Perspectives on designing data-driven approaches in healthcare based on real-world evidence
Time: Mon 2025-01-27 13.00
Location: T2 (Jacobssonsalen), Hälsovägen 11C, Huddinge
Video link: https://kth-se.zoom.us/j/63344888971
Language: English
Subject area: Technology and Health
Doctoral student: Luca Marzano , Hälsoinformatik och logistik
Opponent: Associate Professor Guillaume Lamé, Industrial Engineering Department, Cetrale Supélec, Paris
Supervisor: Professor Sebastiaan Meijer, Hälsoinformatik och logistik; Universitetslektor Adam S. Darwich, Hälsoinformatik och logistik; Universitetslektor Jayanth Raghothama, Hälsoinformatik och logistik
QC 2024-12-10
Abstract
According to the United States Food and Drug Administration, real-world data are defined as “data relating to patient health status and/or the delivery of health care routinely collected from a variety of sources”, and consequently real-world evidence as “the clinical evidence about the usage and potential benefits or risks of a medical product derived from analysis of the real-world data”. In the context of pharmacology and drug development, real-world data and real-world evidence are gaining interest. The main reason is that these can potentially address the limitations of conventional studies according to best practices of the evidence-based medicine paradigm, from which the prioritization of internal control within experimental settings are often done at the expense of generalization to larger populations treated in routine clinical practice. Instead, from a wider multidisciplinary context, it is relevant to pose questions regarding how real-world data can be used to solve the challenges that health-care systems are facing, such as sensitivity to increasing demand of care, and lack of preparedness to sudden changes and lack of resilience.
Despite the acknowledged potential, real-world data poses a series of challenges due to the purpose for which it is collected, primarily for operational purposes rather than for generating evidence, unlike randomized controlled clinical trials. Healthcare systems have been studied as complex adaptive social systems, where the intricate interactions between sub-systems and actors (e.g., patients and doctors) are challenging to capture in data, often introducing confounders that impact the reliability of data. Therefore, a critical discussion on how to leverage data and the data-driven approaches for generating real-world evidence is essential.
The objective of this thesis is to investigate key elements to account for when designing data-driven approaches aimed to overcome practical challenges of real-world data, and generate real-world evidence. The use of data-driven approaches for analyzing real-world data is studied by exploring how real-world processes are reflected in the collected information, pre-processing the data, selecting the appropriate analytical methods, discussing the model logic in relation to the data, interpreting and generating potential clinical insights based on the outcomes, all with feedback from clinical experts.
The thesis investigates these aspects addressing one central research question, subdivided into three specific research questions, through a multi-case study. The three case studies included in this thesis are: small cell lung cancer treatment, emulation of control arms of clinical trials, and flow management of an overcrowded emergency department and hospital wards. The multi-case study approach facilitated a learning process on a case-by-case basis, contributing valuable insights to each individual case.

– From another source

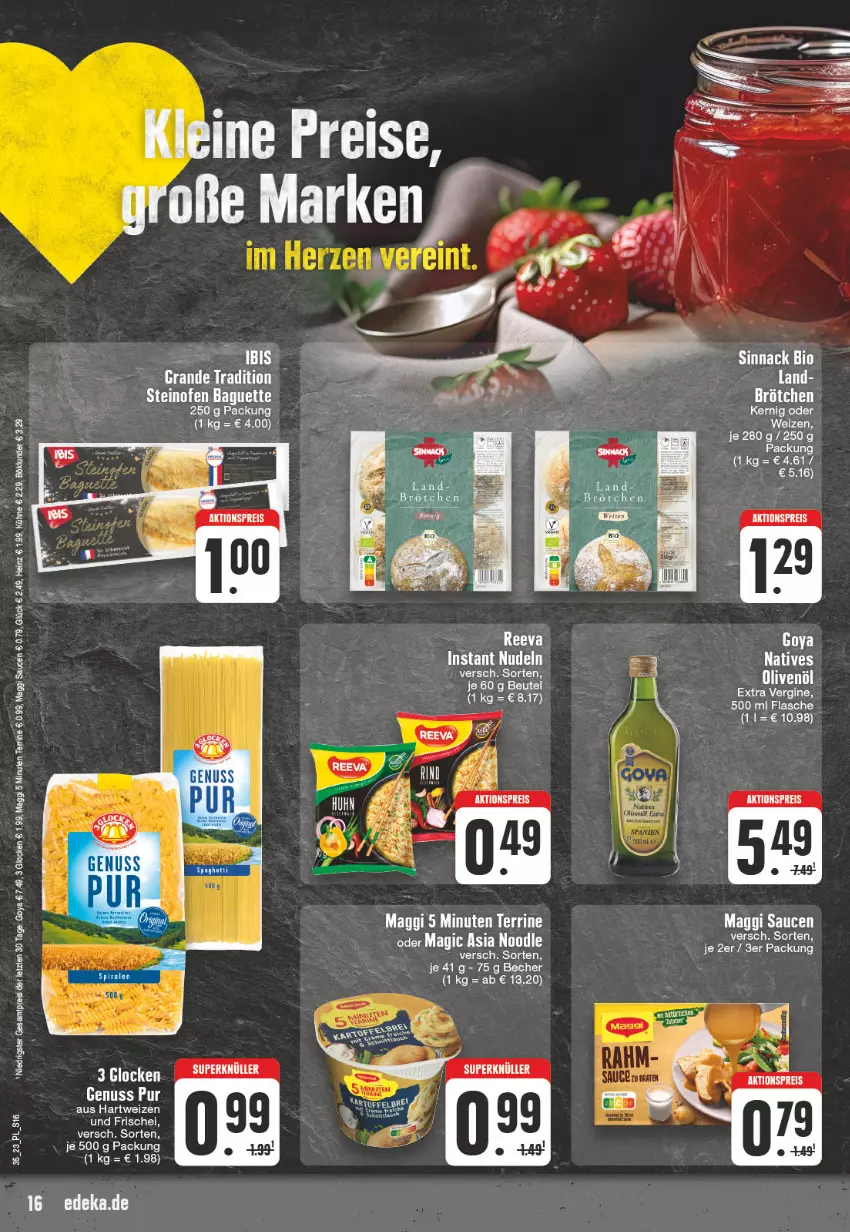 Aktueller Prospekt E Center - Angebote der Woche - von 28.08 bis 02.09.2023 - strona 16 - produkty: aktionspreis, baguette, beutel, bio, brötchen, deka, eis, flasche, gin, hartweizen, maggi, nuss, Ofen, reis, sauce, saucen, sinnack, steinofen, tee, terrine, Ti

Subsequently, the patterns in the findings from the case studies were aggregated and harmonized into the general framework for designing data-driven approaches for real-world evidence.
The key aspect of this framework is the position of real-world evidence in an intersection between analytical science (the execution of the data-driven approach), with design science (i.e., the discussion with the clinical experts on data information, modeling design, and generation of new clinical insights) to overcome the limits of pure empirical approaches when encountering practical challenges related to real-world data.
The outcomes suggest that the following key aspects should be accounted for when designing data-driven approaches to achieve real-world evidence in health-care: i) the investigation of discrepancies between the real-world processes and the reported information in the data, ii) verification that information and the designed models lead to results that follow a medical logic, iii) involvement of the clinical experts in all the steps of the analysis, iv) healthcare problems should not be solved using empirical approaches alone, but appropriate approaches can generate relevant insights and inform future studies, v) the main purpose of the analysis should be to provide relevant insights for the improvement of clinical practice, and not be limited to the specific case study, but aim to create a learn-confirm cycle, building on clinical knowledge over time and data readiness for secondary purpose.
In conclusion, we must acknowledge the current limitations of the use of real-world data, but at the same time have a constructive vision on learning about what can be achieved now and what could be achieved in the future, by continuously improving design of data-driven approaches.